• [MATERIAL TO PROCESS]

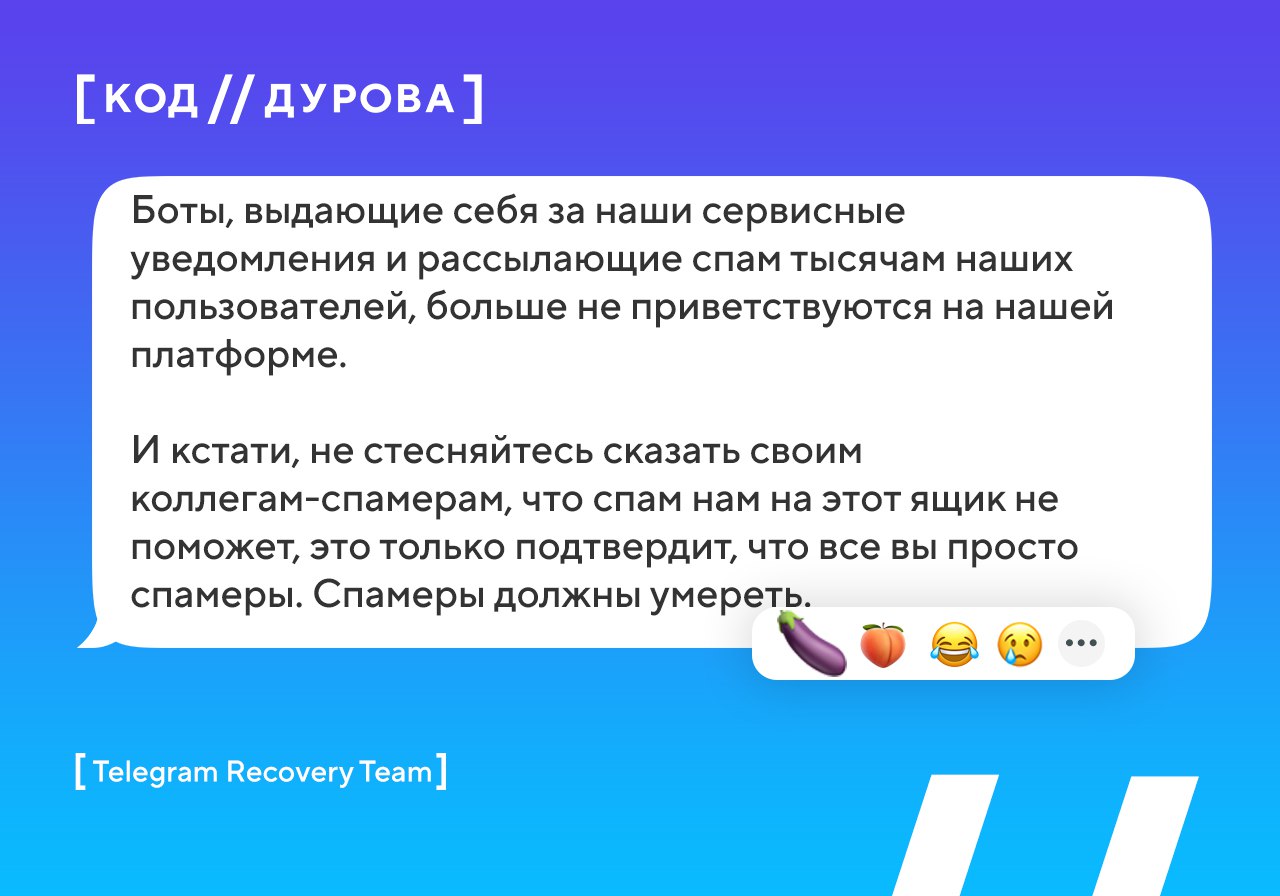 Telegram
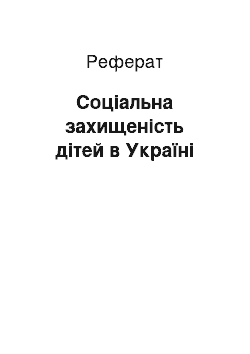 Реферат: Соціальна захищеність дітей в Україні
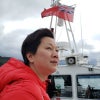 Photograph of Wai 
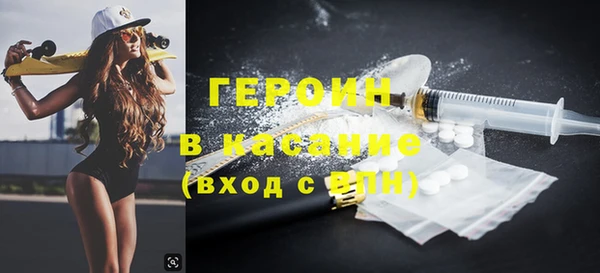MDMA Premium VHQ Новокубанск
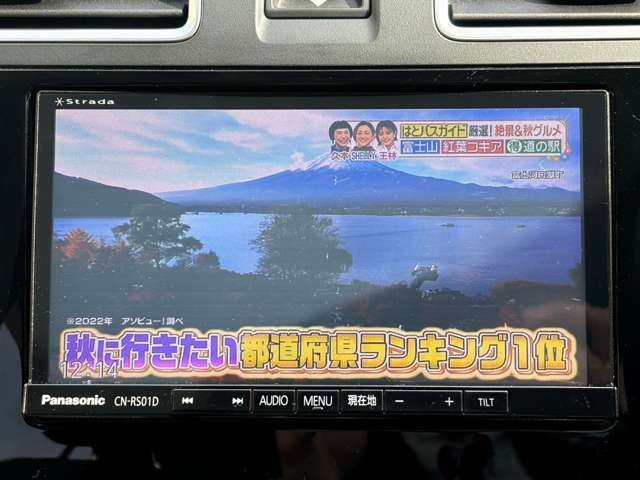 ☆カーセンサーを見た♪とお伝え頂ければ当店スタッフが丁寧にご案内致しますよ☆お客様の希望や質問をどしどしお申し付け下さいませ☆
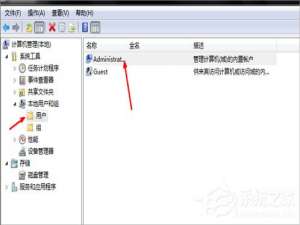 我来说说Win7电脑时间改不了的解决方法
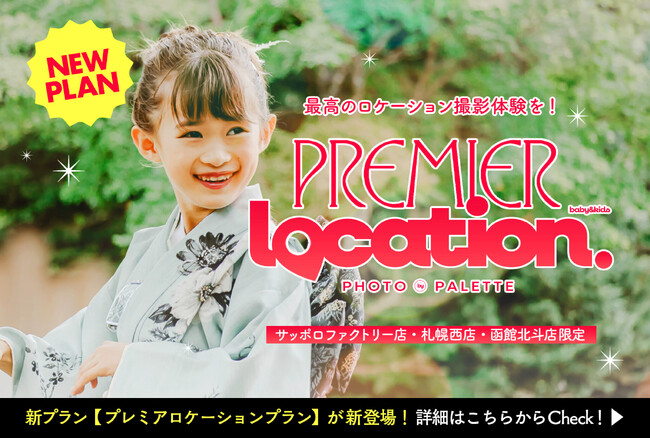 記憶を、永遠の主役へ。家族の物語を映画のように変える「プレミアロケーションプラン」が新登場！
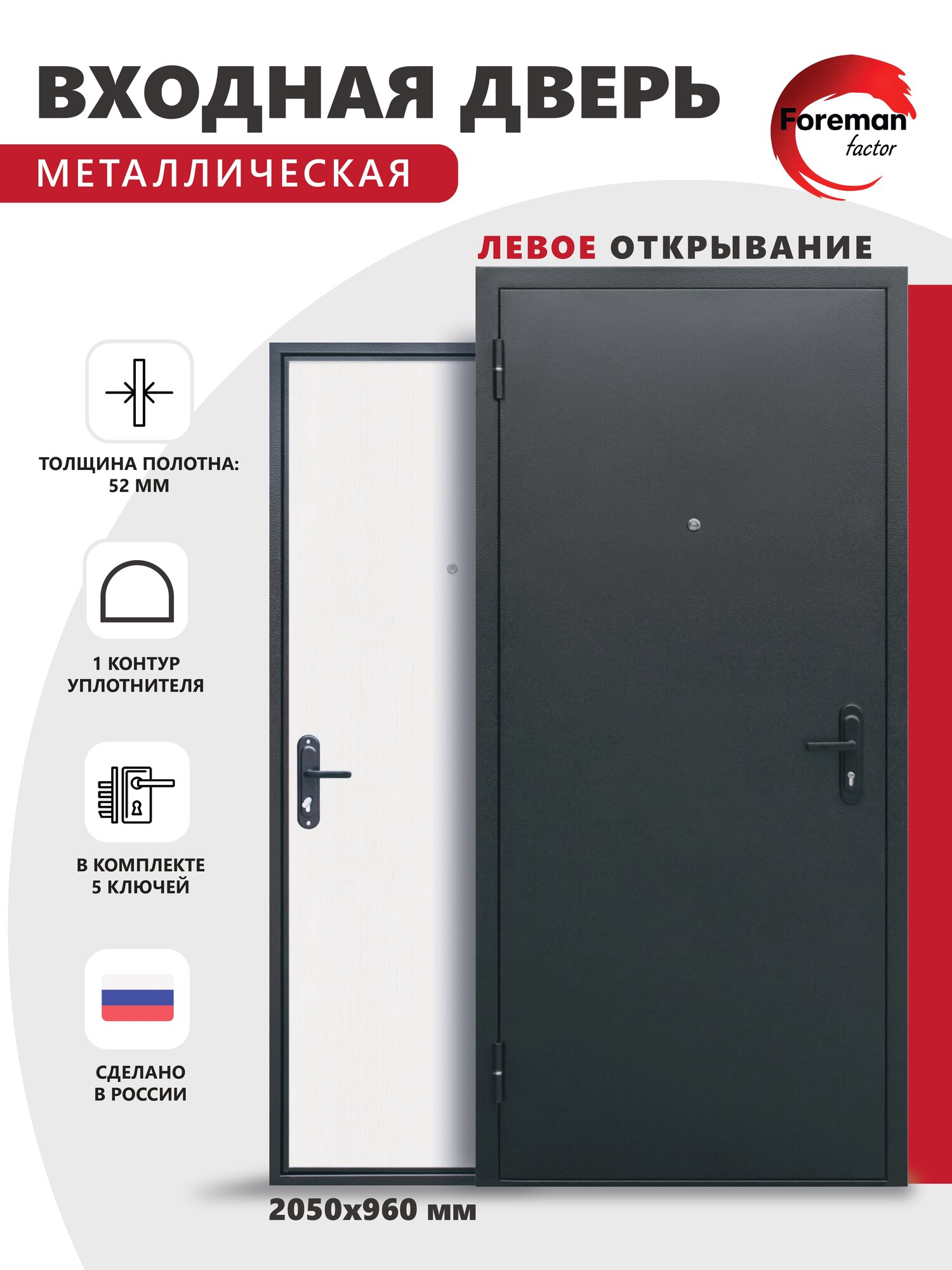 Дверь входная металлическая Foreman Ф-1 2050х960 Левая Антик серебро-Беленый дуб УТ-00084268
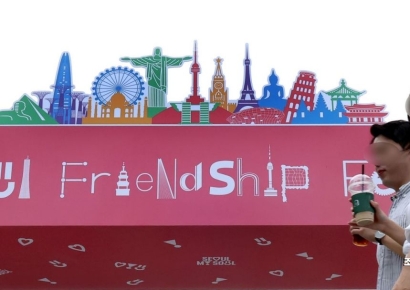 [포토] 세계의 도시속으로 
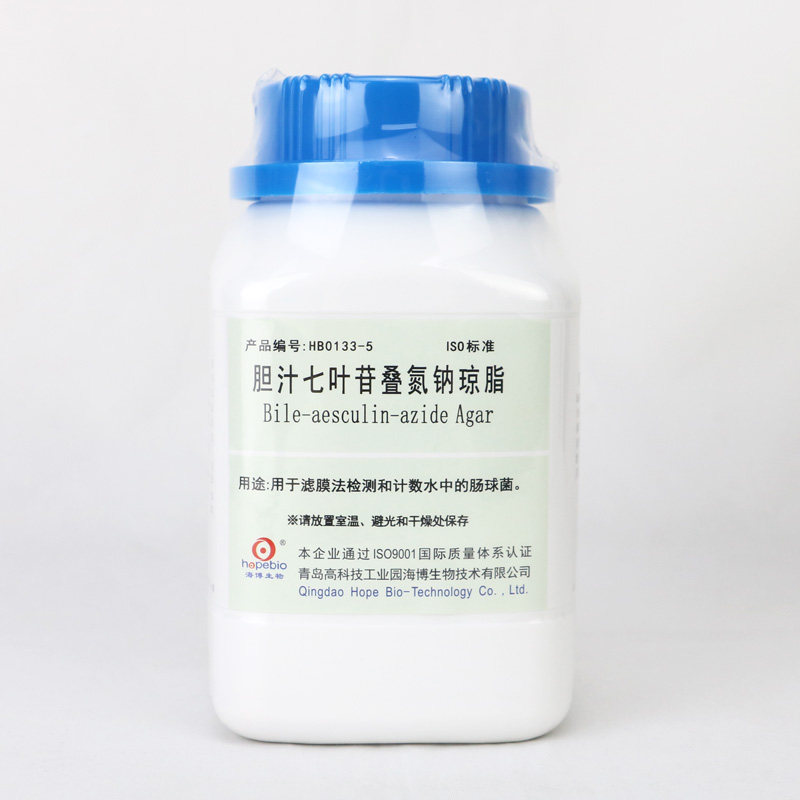 胆汁七叶苷叠氮钠琼脂  HB0133-5 250克 检测和计数水中的肠球菌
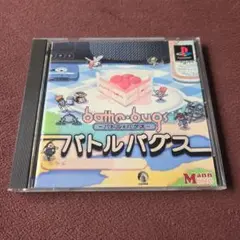 battle bugs バトルバグス PS PlayStation ソフト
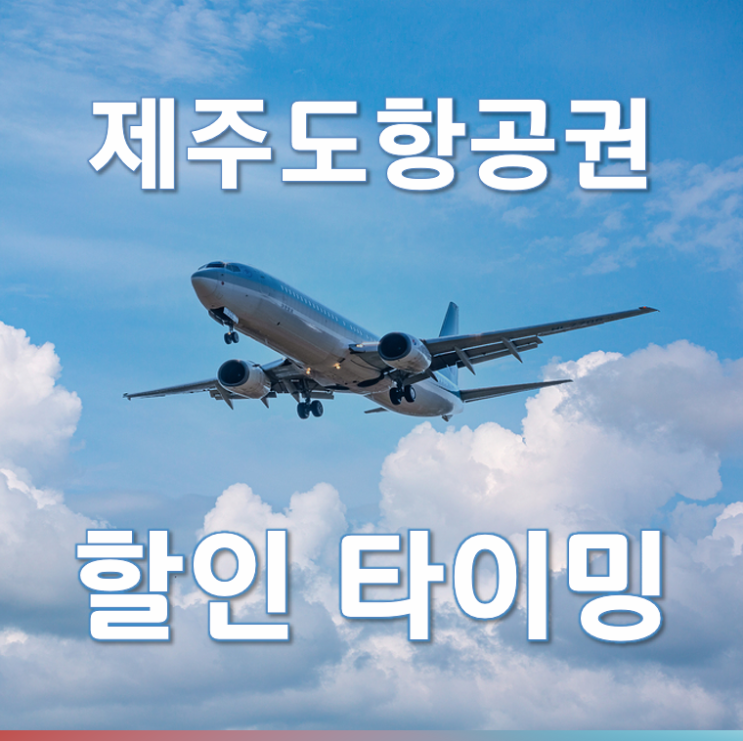  제주도항공권 싸게 예매: 최고의 할인 타이밍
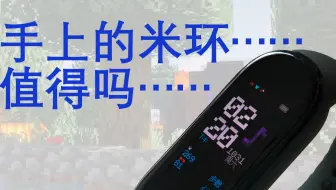 你真的该换小米手环5吗？
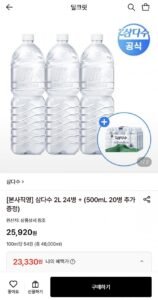 제주 삼다수 그린 무라벨 2L 24병 + 500ml 20병 증정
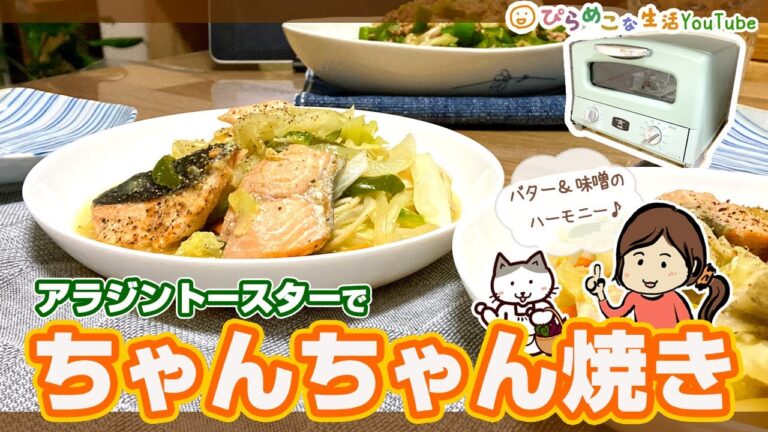 アラジントースターで秋鮭と野菜が美味しい「ちゃんちゃん焼き」。／AGT-G13A
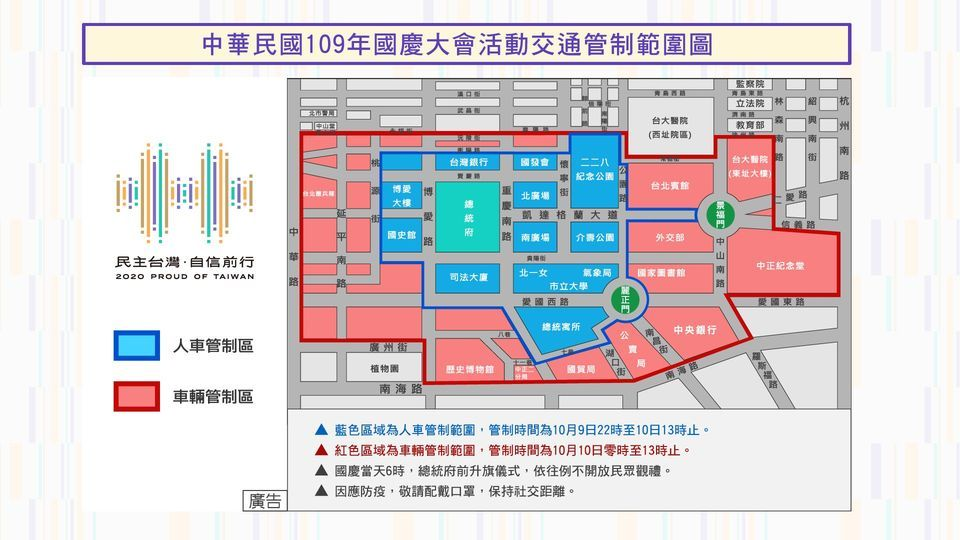 因應各項國慶慶祝活動，總統府周邊道路分階段交管。(慶籌會提供)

• [DIRECTIONS]
Write out exactly the lines from the line holding "アラジントースターで秋鮭と野" through the last line of the records above, inclusive, and nothing more. Leave out the pictures.

• [ANSWER BOX]
 アラジントースターで秋鮭と野菜が美味しい「ちゃんちゃん焼き」。／AGT-G13A
 因應各項國慶慶祝活動，總統府周邊道路分階段交管。(慶籌會提供)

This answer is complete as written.